Rolling the cruffins in cinnamon sugar immediately after baking rather than before is a deliberate choice rooted in texture. The hot butter brushed onto the surface melts the sugar granules very slightly, creating a thin, crackling caramel crust as it cools. If you coat the cruffins before baking, the sugar melts into the dough and you lose that satisfying textural contrast. If the coating is not adhering well, your cruffins may have cooled too much. A quick 30-second brush with fresh melted butter will fix this and allow the sugar to stick properly.
Baker’s Tips
- Keep everything cold. If at any point during lamination the dough feels warm, greasy, or the butter is visibly soft, stop immediately and refrigerate the entire piece for 20 minutes. Patience here directly determines the quality of your layers.
- Use a ruler when cutting your dough strips. Inconsistent widths mean some cruffins will be too large and undercooked while others are too thin and overbaked. Even 1.5-inch strips make a significant difference.
- Flour your surface lightly but frequently. Too much flour makes the dough strips difficult to roll tightly (they slip rather than grip), while too little causes sticking and tearing.
- The windowpane test is not optional. Fully developed gluten is what allows the dough to stretch during lamination without tearing. Knead until a small piece can stretch thin enough to see light through it.
- When rolling strips into coils, apply steady, even pressure and roll as tightly as you can without tearing the dough. Loose coils will unravel during proofing and baking, and you will lose the dramatic spiral effect.
- Trust the color in the oven. Cruffins should be a deep, genuine golden brown, not pale gold. An underbaked cruffin will have a gummy, raw center that no amount of waiting will fix once it cools.
Variations
- Brown butter cinnamon filling: Instead of rolling plain dough strips, brush each strip lightly with 2 tbsp brown butter mixed with 1 tsp cinnamon and 2 tbsp dark brown sugar before rolling into coils. This adds a deeper, nutty caramel flavor inside the layers.
- Cardamom and orange: Replace the cinnamon in the coating with 2 tsp ground cardamom and add 1 tbsp finely grated orange zest to the sugar mixture. Finish with a drizzle of orange glaze (80g powdered sugar plus 2 tbsp fresh orange juice).
- Cream-filled cruffins: Once baked and cooled slightly, use a piping bag fitted with a bismarck tip to fill each cruffin with lightly sweetened whipped cream (200ml heavy cream whipped to stiff peaks with 2 tbsp powdered sugar and 1 tsp vanilla). Dust with extra cinnamon sugar before serving.
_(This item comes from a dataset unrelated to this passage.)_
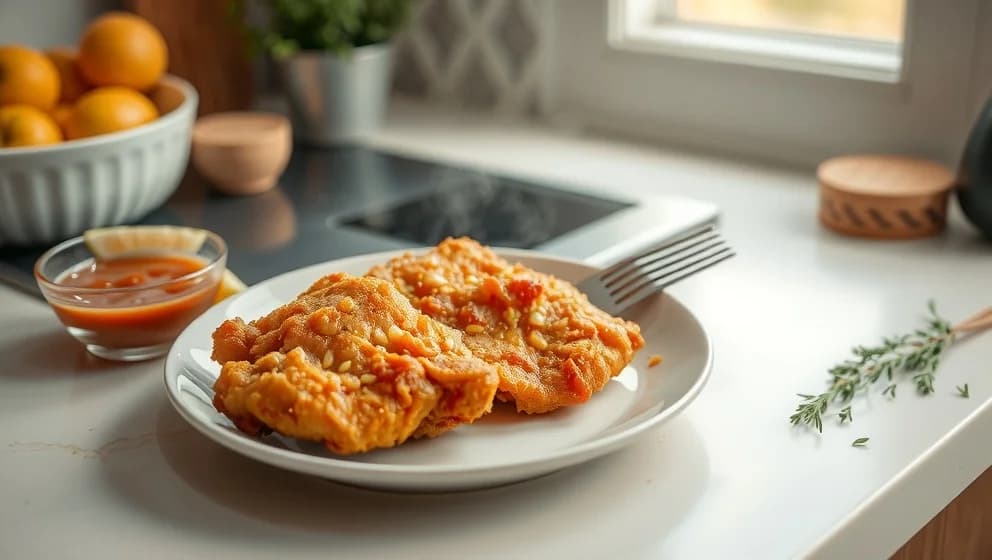 Hur man gör perfekt stekt kyckling i panika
- Chocolate hazelnut swirl: Spread a thin layer of chocolate hazelnut spread (about 1 tsp per strip) on each dough strip before rolling into coils. Reduce the cinnamon in the coating to 1 tsp and add 1 tbsp cocoa powder to the sugar.
Troubleshooting & FAQ
My butter shattered and broke into chunks when I tried to roll the butter block. What went wrong?
My layers did not develop during baking and the cruffin looks more like a dense muffin than a flaky pastry.
The cruffin tops are burning but the center still looks raw and doughy.
My cinnamon sugar coating is not sticking and is falling off in sheets.
My cruffin coils unrolled during proofing and the spiral fell apart.
Storage & Make-Ahead
- Storage: Cruffins are at their absolute best within 2 hours of baking while the layers are crisp. Store leftovers uncovered at room temperature for up to 8 hours, or in an airtight container for up to 2 days (the exterior will soften). To refresh, warm in a 350 degrees F / 175 degrees C oven for 5 to 7 minutes or in an air fryer at 325 degrees F / 165 degrees C for 3 to 4 minutes. Do not refrigerate, as cold temperatures make laminated dough stale faster. Freeze fully baked and cooled cruffins (before the cinnamon sugar coating) in an airtight bag for up to 1 month. Reheat from frozen at 350 degrees F / 175 degrees C for 10 to 12 minutes, then coat in cinnamon sugar immediately.
- Make-Ahead: The dough can be made and laminated through the letter fold steps, then wrapped tightly and refrigerated for up to 2 days before shaping. Alternatively, shape the cruffins and place them in the greased muffin tin, then cover tightly and refrigerate overnight for a slow cold proof. The next morning, remove from the refrigerator 30 minutes before baking to take the chill off slightly, then bake as directed. This is a great option for serving warm cruffins at breakfast without an early start.